England are expected to try to swarm stand-off Russell and his midfield colleagues in an effort to neutralise Scotland, but the 31-year-old has no issue with the possibility of being singled out.

“It’s probably similar to a lot of teams in that the 10s are the key players in attack,” said co-captain Russell. “I’m not sure what England are going to do – if they are going to fire out the line and try to take me out or shut me down from the outside.

“That is something we will have to figure out in the game. We will have to be able to adapt, with myself and Sione (Tuipulotu) and Huw (Jones) being on the same page and having Blair (Kinghorn) out wide as another option.

“Although the 10 controls a lot of the attack, it is not just down to me to create things.
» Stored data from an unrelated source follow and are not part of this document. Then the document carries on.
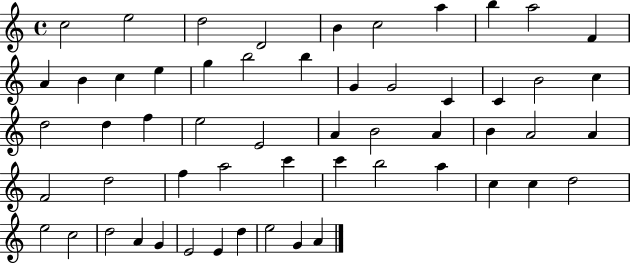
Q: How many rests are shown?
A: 0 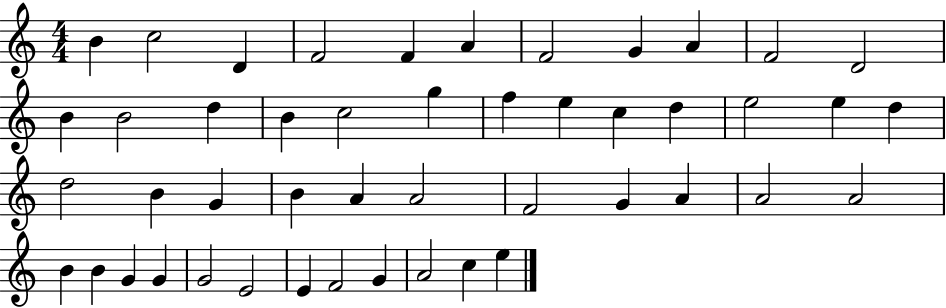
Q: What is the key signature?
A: C major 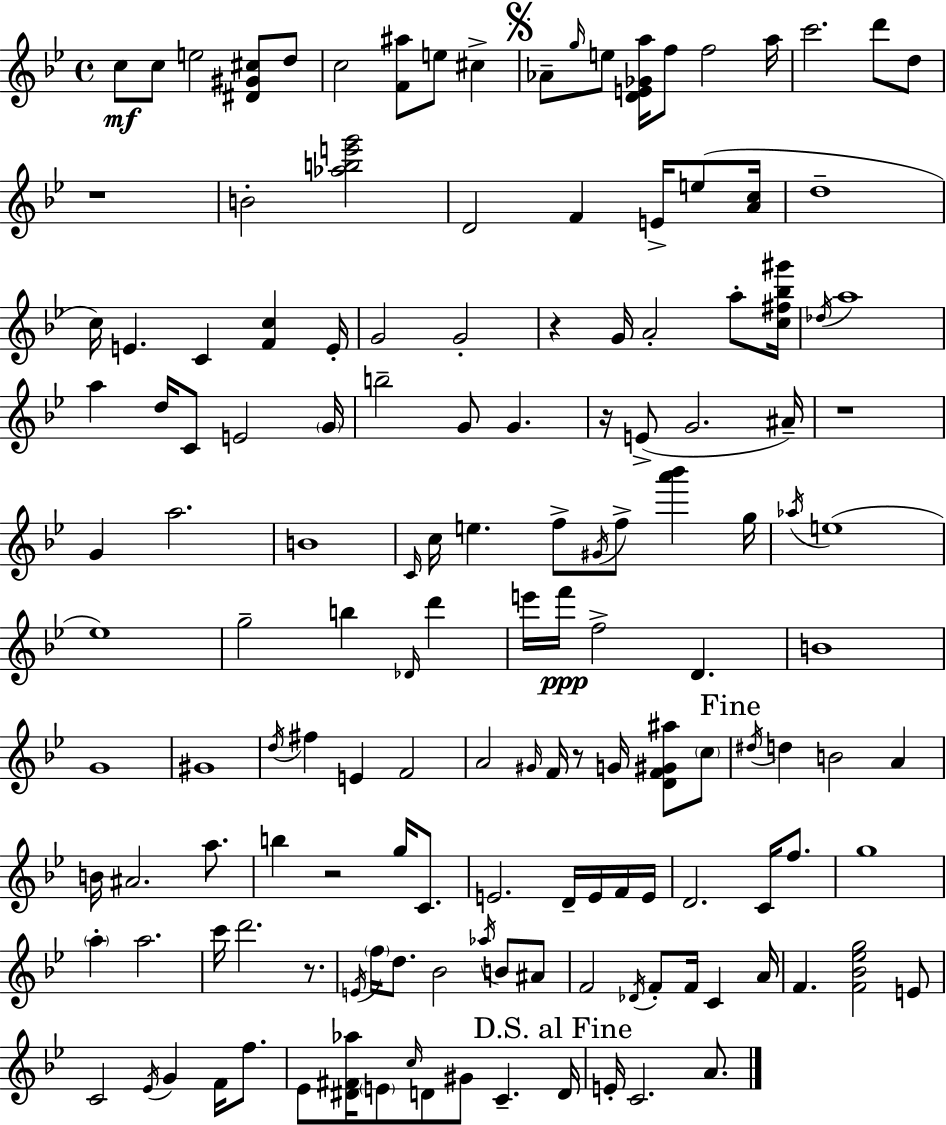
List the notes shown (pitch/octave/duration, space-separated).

C5/e C5/e E5/h [D#4,G#4,C#5]/e D5/e C5/h [F4,A#5]/e E5/e C#5/q Ab4/e G5/s E5/e [D4,E4,Gb4,A5]/s F5/e F5/h A5/s C6/h. D6/e D5/e R/w B4/h [Ab5,B5,E6,G6]/h D4/h F4/q E4/s E5/e [A4,C5]/s D5/w C5/s E4/q. C4/q [F4,C5]/q E4/s G4/h G4/h R/q G4/s A4/h A5/e [C5,F#5,Bb5,G#6]/s Db5/s A5/w A5/q D5/s C4/e E4/h G4/s B5/h G4/e G4/q. R/s E4/e G4/h. A#4/s R/w G4/q A5/h. B4/w C4/s C5/s E5/q. F5/e G#4/s F5/e [A6,Bb6]/q G5/s Ab5/s E5/w Eb5/w G5/h B5/q Db4/s D6/q E6/s F6/s F5/h D4/q. B4/w G4/w G#4/w D5/s F#5/q E4/q F4/h A4/h G#4/s F4/s R/e G4/s [D4,F4,G#4,A#5]/e C5/e D#5/s D5/q B4/h A4/q B4/s A#4/h. A5/e. B5/q R/h G5/s C4/e. E4/h. D4/s E4/s F4/s E4/s D4/h. C4/s F5/e. G5/w A5/q A5/h. C6/s D6/h. R/e. E4/s F5/s D5/e. Bb4/h Ab5/s B4/e A#4/e F4/h Db4/s F4/e F4/s C4/q A4/s F4/q. [F4,Bb4,Eb5,G5]/h E4/e C4/h Eb4/s G4/q F4/s F5/e. Eb4/e [D#4,F#4,Ab5]/s E4/e C5/s D4/e G#4/e C4/q. D4/s E4/s C4/h. A4/e. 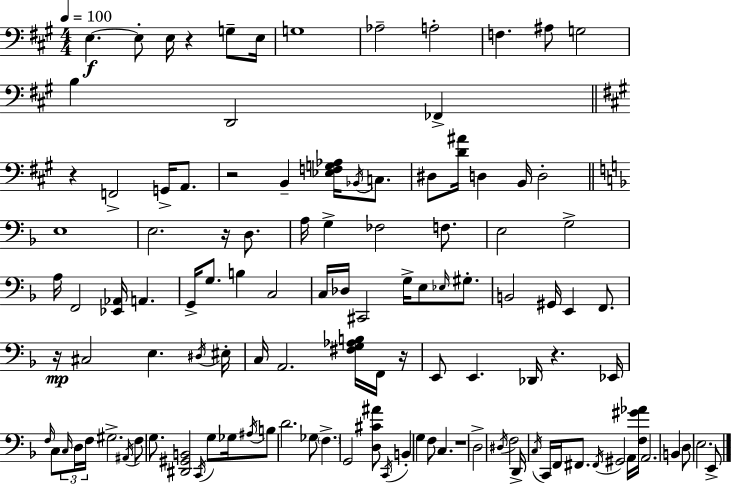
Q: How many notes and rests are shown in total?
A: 116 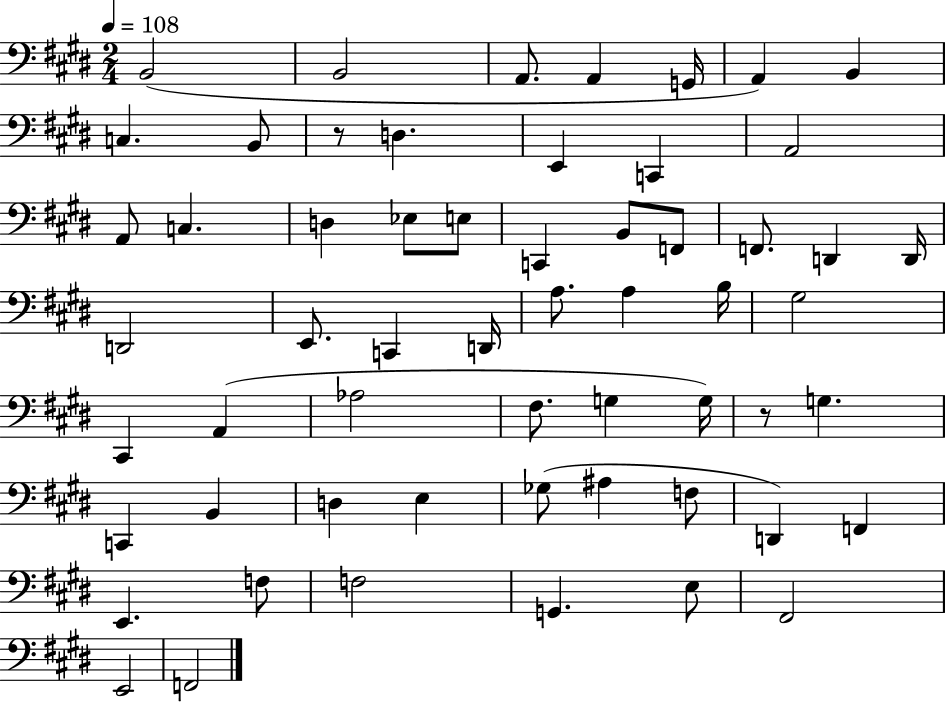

We will be looking to other boys to get away from them.”

Scotland were tamed the last time they came up against a Jones-inspired blitz defence when they lost 18-3 to South Africa at the World Cup in September, but Russell insists they have learned from that encounter.

“We have looked back and talked about that game, and obviously looked at England’s first two games of this campaign,” said Russell. “I think our learnings from the World Cup were not to go into our shells if we do feel the pressure.

“There were chances in that game against South Africa that we probably never saw on the pitch. Under pressure we probably went into our shell a little bit.

“Tomorrow we just need to have belief in ourselves and trust the work we have put in over the last six months to a year.

“At times we will be under pressure and it will be tough, but we can fall back to what we have done building up to this game.

“We can have belief and confidence in ourselves and hopefully we can take the chances that will be out there.”

After Russell lost his first three Calcutta Cup matches, including a 61-21 defeat at Twickenham in 2017, the Scots have won each of the last three meetings and have lost only one of the last six.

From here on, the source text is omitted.